Good metallurgical characteristics reduce the size of the required treatment plant, lowering both capital and operating costs. There are also about 85kt of mullock dumps on our leases, grading about 2.3g/t. Tests indicate a further 60% recovery from gravity for fine gold, with some refractory gold. This could provide initial commissioning feed to the mill and early cash flow.


----------



## ongchuan (31 August 2007)

*Re: SML - Synergy Metal Limited*

1.0 Introduction
1.1 Exploration Rationale

Location Plan

EL3916 covers the entire historically defined high grade Maude and Yellow Girl group of mines and many peripheral mines adjacent and along strike from this centre of production. Geographical isolation and treatment costs dictated only ore of very high grade was treated. The potential exists for significant remaining ore of similar grade below the limits of the old workings and also extensions along strike. Historic requirements for very high grade ore is likely to have resulted in poor testing of the reef selvages within the altered sediments and the granite. Disseminated gold targets are therefore a potential and with the degree of shearing and alteration noted in underground exposures, this appears a geologically sound concept. The exploration program proposed is designed to initially test for the high grade strike and depth extensions to know areas of mineralisation along the Maude and Yellow Girl line and also north into the Sunnyside group of historic workings. 

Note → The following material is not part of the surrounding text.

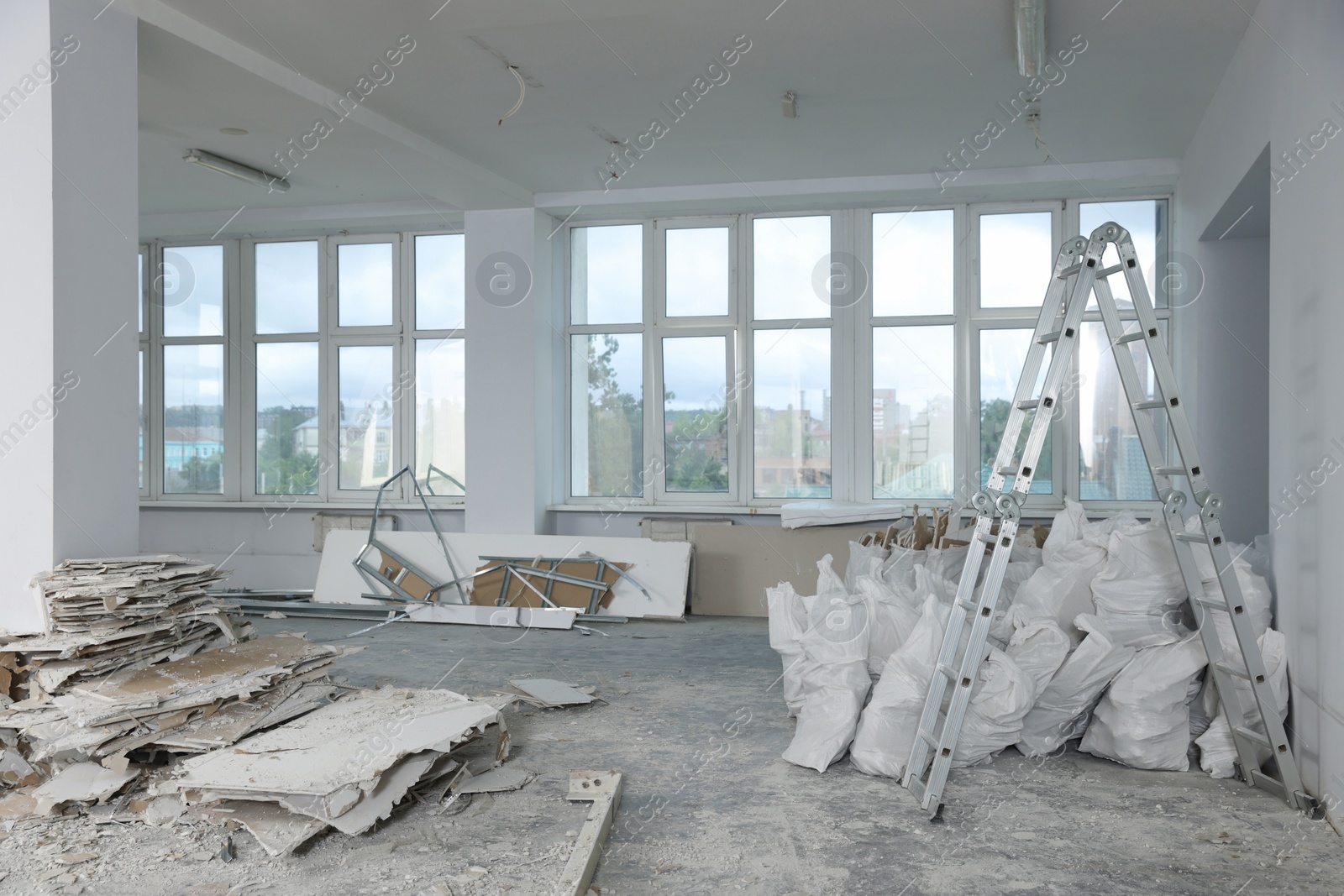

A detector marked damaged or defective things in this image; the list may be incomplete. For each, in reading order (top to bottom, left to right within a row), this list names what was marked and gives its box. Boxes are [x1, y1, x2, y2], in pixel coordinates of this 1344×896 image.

broken drywall sheet [312, 529, 688, 621]
stack of broken plaster boards [154, 688, 507, 854]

The potential for large tonnage moderate grade mineralisation exists within the Mt Wills Granite and adjacent schistose sediments at its contact. The interplay between the dominant NNE fault sets and the brittle Granite host appears to have resulted in the development of large bodies of quartz stockwork within the granite. This potential will require further investigation. 

1.2 Exploration History
The area has had a long history of gold exploration and mining, dating back to the 1850’s. Glen Wills was one of the major early gold fields in this region that included the Mt Elliot, Dart, Harrietville, Bright Wandiligong Freeburgh and Beechworth and Bethanga Goldfields. 

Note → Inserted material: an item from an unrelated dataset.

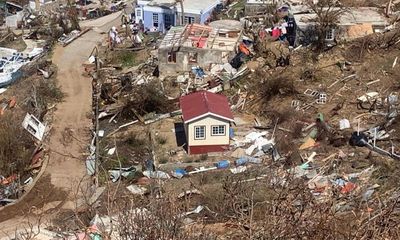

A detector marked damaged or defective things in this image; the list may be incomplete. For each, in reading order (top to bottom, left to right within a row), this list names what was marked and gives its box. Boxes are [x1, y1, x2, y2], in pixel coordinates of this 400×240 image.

Earlier modern day exploration focused on tin as well as gold. In neighbouring gold fields of late 1970’s-1980’s, explorers have targeted large stockwork or disseminated gold as well as alluvial gold. This included Gippsland Minerals N.L. (EL 126), Essex Minerals Company (EL 621) and Goldfields Exploration Pty Ltd (EL 1023). The most significant work to be undertaken at Glen Wills occurred in 1972 when Aurora Minerals NL refurbished the main 5L access and internal shaft to 9L. This allowed access to mapping and bulk sampling of portions the lower levels. This work concluded that the known shoots continue with depth and resulted in an estimated resource of 272,000 tonnes at 11.3 g/t (total pre – JORC standard resource). Citing corporate reasons Aurora Minerals NL withdrew from the agreement in 1974. Subsequent to this Aberfoyle Exploration carried out regional exploration for tin (1979 – 80).

More recently, companies including Bendigo Gold (EL 3163), Nickelseekers (EL 1553), Poseidon (EL 3244) and CRA Exploration within EL’s 2131, 2132, 2143 (areas north of Glen Will area) and 2146 have explored Mt. Wills and Glen Wills together with areas to the north such as Mt. Unicorn (Dart Area) for both disseminated gold in granite-associated gold enriched haloes, and gold in hydrothermal vein systems. Copperfield Gold NL drilled the upper levels of the Maude and Yellow Girl during 1987 – 88 under a farm in agreement with Swan Resources Ltd and other parties. 

2.0 Geology
2.1 Regional Setting
The Glen Wills gold field is located in the eastern part of the Lachlan Fold Belt, in the Omeo Structural Zone. Refer to Figure 2. The Omeo zone (containing the Omeo Metamorphic Complex) extends north from Cassilis to the Hume Weir and into N.S.W. It is dominated by a basement of deformed Ordovician turbidites intruded by numerous granite plutons. Many of the sedimentary rocks have been metamorphosed to schist, gniess and migmatite. 

All these rocks were severely deformed and metamorphosed during the Benambran Orogeny in the Early Silurian Period. The rocks were tightly folded, regionally metamorphosed and S-type granites intruded. Further, though less intense, deformation took place in the Late Silurian (Bindian), Middle Devonian (Tabberabberan) and Early Carboniferous (Kanimblan). The Tabberabberan event is thought to have resulted in crenulation cleavage, kink folds and brittle deformation. It also probably caused reactivation of pre-existing faults.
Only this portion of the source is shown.